Posted August 13, 2010
Personal Injury Protection
Fifteenth Judicial Circuit Affirms Final Judgment Finding That Insurer's Request For Clinic Verification To Establish That Provider Was Eligible To Receive Payments For PIP Benefits Was Not A Request For Information Within Scope of 627.736(6)(b) And Did Not Toll Time For Insurer To Pay Bills
Mercury Ins. Co. of Fla. v. Med Manage Group, Inc. (a/a/o Michael Bergey),
17 FLW Supp. 617b (15th Circ. Apr. 8, 2010)
Submitted by Dorothy Venable DiFiore
Mercury Insurance appealed a final judgment entered in favor of the provider, based on the trial court's finding that Mercury's request for verification that the provider was eligible for payment of PIP benefits was not a request for information within the scope of §627.736(6)(b) and thus did not toll Mercury's obligation to pay the provider's bills.

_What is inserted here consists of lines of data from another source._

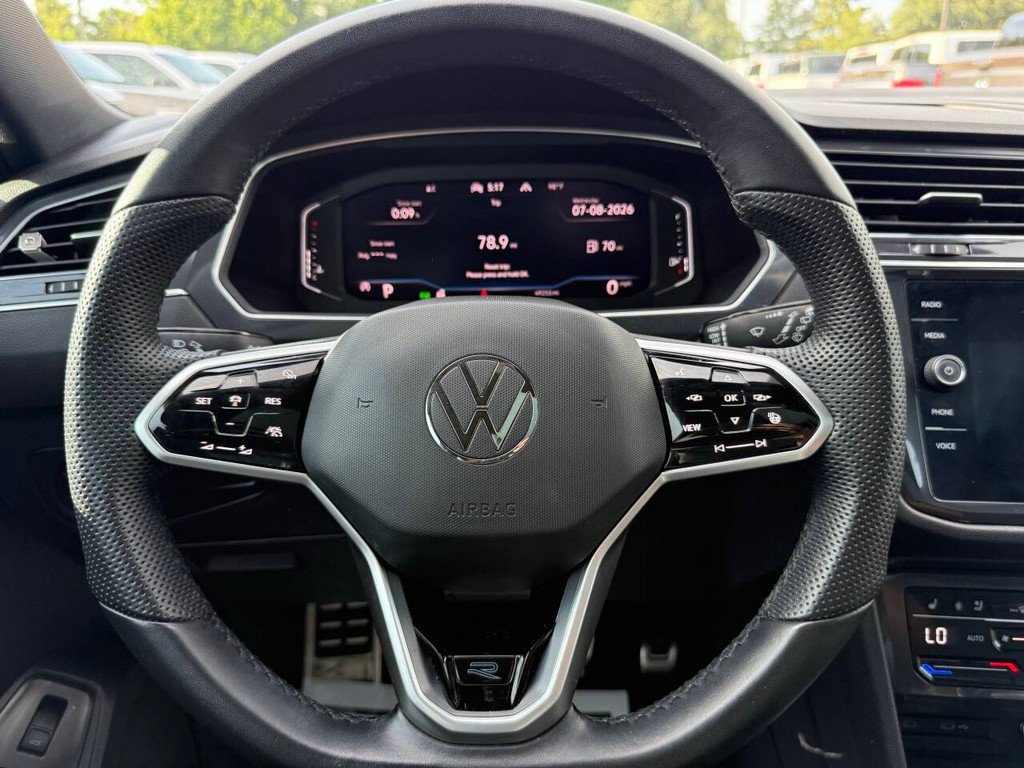 Volkswagen Tiguan Vehicle Full-screen Gallery Image 23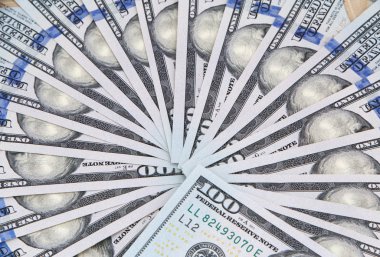 yelpaze şeklinde para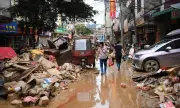 Югозападен Китай под вода: нови наводнения и опасност от тропически циклон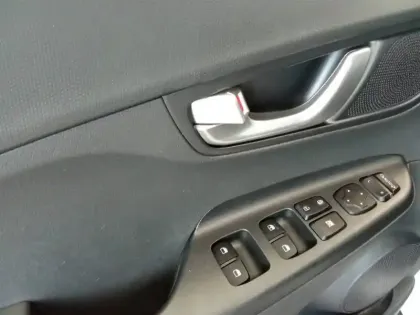 Photo 21 Hyundai Kona  Electrique 39 kWh - 136 ch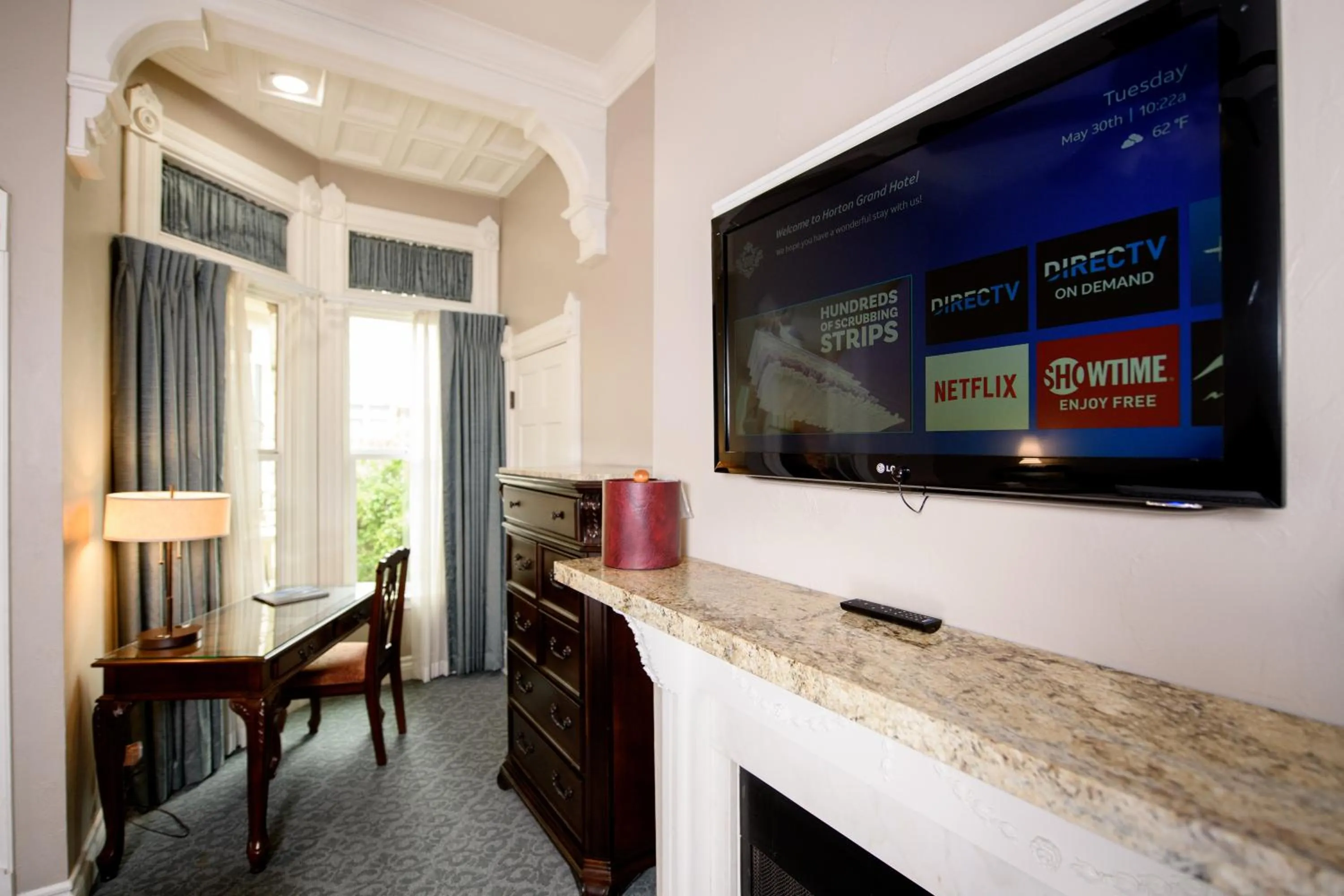 TV and multimedia in Horton Grand Hotel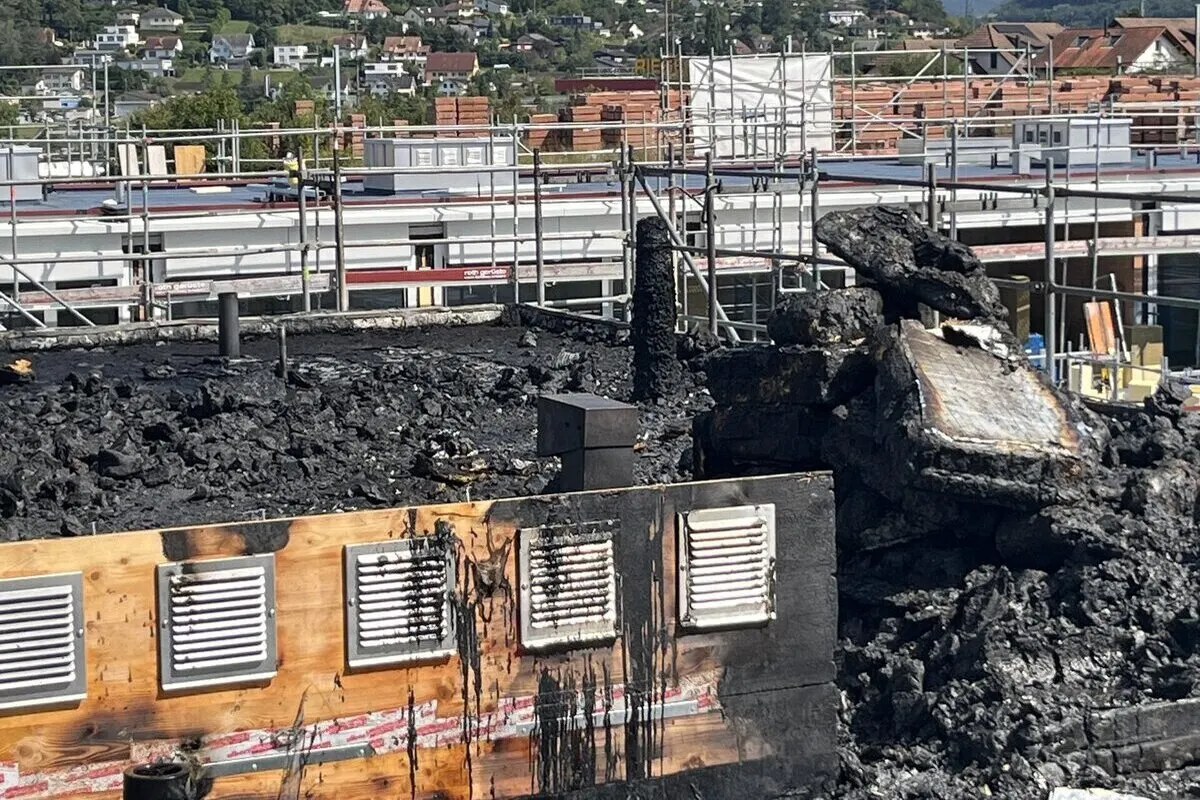 Frick AG - Brand auf einer Baustelle - zwei Personen mit Rauchgasvergiftung im Spital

The provider submitted to the insurer a properly completed CMS 1500 for the treatment to the insured for accident related injuries. The physician's full name and license number were included on the form. In response, the insurer requested the provider to send a copy of a completed Office of Insurance Regulation approved form (OIR-B1-1809), to verify that Med Manage was in compliance with section 627.736(1)(a), Fla. Stat. (2008). The provider did not respond to the request, and instead submitted a demand letter. The insurer claimed that the demand letter was premature, as the provider had never complied with the (6)(b) request for information. The provider then filed suit.
The insurer moved for summary judgment, arguing that the bill was not overdue, because they had never complied with the request for information. The Trial Court denied the motion and entered judgment in favor of the provider. On appeal, the Circuit Court affirmed, finding that the documentation requested in this case was not within the scope of the statute. First, the court noted that (6)(b) requires a provider:
to furnish a written report of the history, condition, treatment, dates, and costs, of such treatment of the injured person and why the items identified by the insurer were reasonable in amount and medically necessary, together with a sworn statement that the treatment or services rendered were reasonable and necessary with respect to bodily injury sustained and identifying which portion of the expenses for such treatment or services was incurred as a result of such bodily injury, and produce his or her or its records regarding such history, condition, treatment, dates, and costs of treatment. (emphasis added by court)
The court refused to follow an earlier county court decision from Dade County, in which the court had concluded that a similar request went to "costs" under §627.736(6)(b), similar to the request in Kaminester v. State Farm Mut. Auto. Ins. Co., 775 So.2d 981 (Fla. 4th DCA 2000). Finding that Kaminester applied to entirely different documentation than that requested here, and that the information requested here did not go to "costs", the court rejected that reasoning.
The court concluded that the provider had provided written notice of the fact of a covered loss and the amount of same when it submitted the HCFA form. Since the insurer's request for information failed to request information as to the history, condition, treatment, dates, and costs of such treatment or whether the items were reasonable, necessary or related, the request was not within the scope of the statute. The provider thus did not need to respond to the request and the bills were overdue. The court further concluded that the treatment was lawfully provided, supervised, ordered, or prescribed by Dr. Burack, a licensed physician under Chapter 459, Fla. Stat.